Oh, had I mentioned Legrand yet? With such straightforward gameplay (charmingly-so towards the end), a game like this puts heavy stock in its story and characters, and once again, the game delivers…eventually. In fact, the shift in quality is almost identical timing wise to the shift in the interestingness of gameplay. Nicolas Legrand is, of course, the acclaimed detective who nailed the Raven the first time around, and true to the game’s late bloomer nature, he starts out as a complete dunce. Upon pestering him enough that he allows you to assist him, and checking out his on-train hideout, he remarks that you ought to “knock twice” when you return, so that he can know for sure that it’s you. These are the methods of the world’s greatest detective? Additionally, his stubbornness assuming the new criminal must in fact be the Raven is confusing and makes him look shortsighted, not brilliant. Now, this could be deliberate, but I found myself seeing Legrand as an annoying, suspicious poser more than anything else.

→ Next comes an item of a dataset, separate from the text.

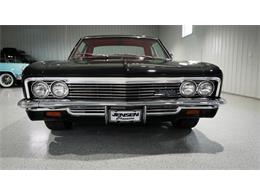 1966 Chevrolet Biscayne (CC-2067232) for sale in Sioux City, Iowa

That is, until the chapter’s second half, where once again things pick up. Legrand transforms from an annoying Captain Obvious to a determined, hardworking investigator who goes days without sleep in his frenzied pursuit of outdoing the Raven in a battle of deductive gymnastics. All of a sudden we can relate to this guy. His voice strains as he addresses Zellner, he reveals information about his past, and all of a sudden, I care. I care about Legrand’s well-being, I care about Zellner’s desire to crack a big case, and most importantly, I care about catching the Raven.
If you’re wondering why exactly I spent so much time harping on the bizarre dichotomy of quality this game displays between its first and second halves, it’s mainly because as a reviewer, I have to give the thing a rating. And sometimes a lower rating leads to gamers ignoring a game completely. Though the first chapter of The Raven – Legacy of a Master Thief eventually hits its stride and comes into its own in time for an exciting conclusion, I can’t simply ignore the major design goofs and bland characterization that permeate the first two hours (and more if you get stuck looking for a barely-visible fire extinguisher which is apparently the only way in the universe to break off chair legs). If you like point-and-clicks, you’ll come to love The Raven. If you’re curious about the genre and want to try something new, your patience with the game will likely be rewarded. But what if you’re a busy gamer with an ever-growing backlog of surefire excellent titles to play? Well, in that gamer’s case, I can’t say I’d blame him for skipping out on this.
The second chapter will see a release this August, and if it keeps up the good work from here on out (and into chapter 3), then the package as a whole will no doubt be a keeper. Until then, though, I reluctantly can offer chapter one in its entirety no more than a resounding “meh.”
This review is based on the PC version of the game, which was provided for us.